Nigel: I sent a message to the IG
recently about audio description
... implementation of client side, requirements for capture
Chris: Yes, let's cover that as well, thank you.
<scribe> scribenick: cpn
Cyril: Here's a document i'm editing
at MPEG: Carriage of Web resources in ISO BMFF
... [shares his screen]
... It started as an activity in MPEG a while ago, exploring what
was needed in the MPEG space,
... to facilitate delivery of web resources: HTML, JavaScript, CSS,
etc
... We weren't sure at the beginning what the output would be in
terms of standards
... We've produced a committee draft, not uploaded yet, I will do
that in a few days
... It's quite a light document, it doesn't define a new
toolbox
... It's similar to CMAF in that sense, it describes how you use
existing tools from ISO BMFF
... The two aspects we're dealing with are: carriage of timed web
resources, and carriage of non-timed resources
... The difference is more in how the timing information is
delivered,
... eg a resource where the timing is defined in an XML
document
... What is a timed web resource? They're stored in tracks, one
type carries HTML content, another type with JS, another with
WebVTT metadata events
... In the HTML track, the idea is not to define a mechanism or
complex processing for HTML data. The document is loaded at the
time by the processing
... It's as if the browser navigates from one document to another
at the given time
... For JavaScript code, this could have no HTML at all, if the
entire timed application is in JavaScript
... A note about emsg boxes: It's important to understand the
difference between this, and the draft doc I'm presenting
here
... The tracks here are first class tracks in MP4, meant to be
processed in a timely manner.
... With emsg boxes, they're more targeted to the application, not
meant to be replayed
... The content of the time track in this case would be
replayed
... We need to be precise about what entity in the consumer is
intended to handle these events,
... is it something deep in the media player, or something in the
application layer?
Igarashi: I see the difference between the timed media track and emsg boxes, but i don't see the use cases for timed web resources
Cyril: I agree, in most cases you
won't have continuous HTML changes
... The track mechanism can handle sparse events
... The question is which entity will consume the events, and
what's the processing
... One thing not clear to me with emsg, is what happens when you
defragment the file?
... The emsg box in my view is something that you consume while
streaming, but has no meaning outside this
... With timed tracks, content is expected to be useful
separately
Bob: This distinction, is this
something that should be fixed in the emsg spec?

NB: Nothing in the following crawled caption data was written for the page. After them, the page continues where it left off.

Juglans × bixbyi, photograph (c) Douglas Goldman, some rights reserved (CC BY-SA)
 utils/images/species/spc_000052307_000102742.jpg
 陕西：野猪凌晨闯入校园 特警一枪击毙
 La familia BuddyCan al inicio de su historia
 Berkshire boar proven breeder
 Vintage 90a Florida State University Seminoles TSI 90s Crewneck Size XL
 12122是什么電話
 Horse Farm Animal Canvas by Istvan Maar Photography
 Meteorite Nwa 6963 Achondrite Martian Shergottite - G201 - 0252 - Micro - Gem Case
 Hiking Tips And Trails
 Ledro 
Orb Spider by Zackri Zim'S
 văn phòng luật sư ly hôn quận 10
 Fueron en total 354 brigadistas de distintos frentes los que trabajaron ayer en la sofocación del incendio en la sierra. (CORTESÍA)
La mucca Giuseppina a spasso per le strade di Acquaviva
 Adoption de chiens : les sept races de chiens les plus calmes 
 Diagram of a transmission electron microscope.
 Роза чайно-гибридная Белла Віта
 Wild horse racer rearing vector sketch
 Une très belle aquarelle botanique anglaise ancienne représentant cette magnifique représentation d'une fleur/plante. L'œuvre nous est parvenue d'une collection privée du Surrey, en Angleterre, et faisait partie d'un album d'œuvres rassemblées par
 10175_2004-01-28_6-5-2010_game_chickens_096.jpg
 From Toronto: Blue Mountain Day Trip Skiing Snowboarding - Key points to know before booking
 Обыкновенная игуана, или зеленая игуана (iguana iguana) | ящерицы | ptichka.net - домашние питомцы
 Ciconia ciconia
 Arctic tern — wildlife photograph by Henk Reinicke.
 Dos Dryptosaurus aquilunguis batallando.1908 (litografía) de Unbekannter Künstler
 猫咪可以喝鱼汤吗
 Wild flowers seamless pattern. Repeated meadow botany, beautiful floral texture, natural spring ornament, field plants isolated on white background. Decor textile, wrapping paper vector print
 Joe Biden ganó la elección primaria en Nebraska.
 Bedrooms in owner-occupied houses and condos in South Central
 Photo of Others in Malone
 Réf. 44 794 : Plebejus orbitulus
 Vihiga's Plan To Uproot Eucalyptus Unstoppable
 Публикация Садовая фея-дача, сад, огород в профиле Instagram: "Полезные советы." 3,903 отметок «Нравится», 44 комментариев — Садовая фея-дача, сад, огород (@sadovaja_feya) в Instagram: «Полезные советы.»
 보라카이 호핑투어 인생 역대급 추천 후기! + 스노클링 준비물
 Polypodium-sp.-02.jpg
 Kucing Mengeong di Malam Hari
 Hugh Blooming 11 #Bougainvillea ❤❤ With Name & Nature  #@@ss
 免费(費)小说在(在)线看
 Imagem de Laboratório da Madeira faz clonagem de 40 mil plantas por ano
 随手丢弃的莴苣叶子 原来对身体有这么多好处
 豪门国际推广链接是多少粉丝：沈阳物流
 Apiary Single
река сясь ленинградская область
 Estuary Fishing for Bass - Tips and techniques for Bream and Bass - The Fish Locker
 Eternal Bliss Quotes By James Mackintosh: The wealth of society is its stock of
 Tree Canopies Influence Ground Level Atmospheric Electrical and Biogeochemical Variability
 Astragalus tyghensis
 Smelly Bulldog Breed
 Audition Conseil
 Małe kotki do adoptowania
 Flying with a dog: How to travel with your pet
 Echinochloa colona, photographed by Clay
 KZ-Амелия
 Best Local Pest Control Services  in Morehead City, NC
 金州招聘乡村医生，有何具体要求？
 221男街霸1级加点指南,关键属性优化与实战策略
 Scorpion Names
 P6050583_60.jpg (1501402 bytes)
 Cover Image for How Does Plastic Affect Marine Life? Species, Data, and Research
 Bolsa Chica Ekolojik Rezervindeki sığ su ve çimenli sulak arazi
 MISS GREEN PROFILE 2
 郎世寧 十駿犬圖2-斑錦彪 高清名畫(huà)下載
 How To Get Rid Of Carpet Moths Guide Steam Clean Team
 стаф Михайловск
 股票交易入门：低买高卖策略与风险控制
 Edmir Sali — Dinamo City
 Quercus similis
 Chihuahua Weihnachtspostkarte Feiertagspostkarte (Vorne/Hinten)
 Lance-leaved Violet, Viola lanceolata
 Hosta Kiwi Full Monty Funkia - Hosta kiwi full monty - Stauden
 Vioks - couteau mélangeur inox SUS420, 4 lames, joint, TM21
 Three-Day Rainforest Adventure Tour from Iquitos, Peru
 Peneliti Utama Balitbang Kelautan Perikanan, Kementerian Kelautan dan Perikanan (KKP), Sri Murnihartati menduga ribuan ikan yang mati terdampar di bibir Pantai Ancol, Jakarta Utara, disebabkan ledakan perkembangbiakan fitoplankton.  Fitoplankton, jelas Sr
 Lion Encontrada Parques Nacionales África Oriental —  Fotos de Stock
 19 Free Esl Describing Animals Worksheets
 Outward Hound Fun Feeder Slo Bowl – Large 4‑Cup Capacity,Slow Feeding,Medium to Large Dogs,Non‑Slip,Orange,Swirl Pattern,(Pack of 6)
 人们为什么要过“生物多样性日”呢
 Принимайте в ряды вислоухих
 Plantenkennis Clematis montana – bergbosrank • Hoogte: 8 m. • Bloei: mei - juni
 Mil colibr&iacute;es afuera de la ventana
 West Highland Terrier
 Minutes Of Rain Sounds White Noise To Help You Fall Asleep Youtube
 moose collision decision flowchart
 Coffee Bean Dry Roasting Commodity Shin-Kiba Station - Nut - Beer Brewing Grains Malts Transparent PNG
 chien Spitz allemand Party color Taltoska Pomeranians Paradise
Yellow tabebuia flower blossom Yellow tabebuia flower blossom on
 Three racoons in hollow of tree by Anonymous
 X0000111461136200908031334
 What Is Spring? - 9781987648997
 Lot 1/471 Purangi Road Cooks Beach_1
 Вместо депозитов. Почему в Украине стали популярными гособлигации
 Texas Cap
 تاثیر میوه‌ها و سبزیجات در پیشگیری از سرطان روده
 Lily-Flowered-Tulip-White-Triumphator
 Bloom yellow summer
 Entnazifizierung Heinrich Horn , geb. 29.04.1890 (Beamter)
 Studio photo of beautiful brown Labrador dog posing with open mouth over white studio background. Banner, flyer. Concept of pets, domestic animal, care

... I can see applications where you want to replay emsg events
Cyril: Maybe it is possible to design such a player
Bob: We extended the dash player to handle emsg events and dash events
Cyril: In section 5.4, the use of
URLs to web resources, the idea is to clarify how to link to such
resources
... The meta box contains data that should be seen by the browser
as a local cache
... If the browser loads the content, and needs some CSS, it can
find it in the cache, otherwise it goes to the network
... This isn't a new idea, just highlighted in this document
<Zakim> nigel, you wanted to ask how WebVTT metadata can be made available to JavaScript code in the absence of DataCue implementations
Nigel: there's a suggestion that the
data gets turned into something consumable from JS
... This implies DataCue, or is there another way to do it?
Cyril: This doc only covers storage, not how it's exposed, DataCue is one way to go
Nigel: Other mechanisms? Is it important to MPEG how implementable this is (more a process question)?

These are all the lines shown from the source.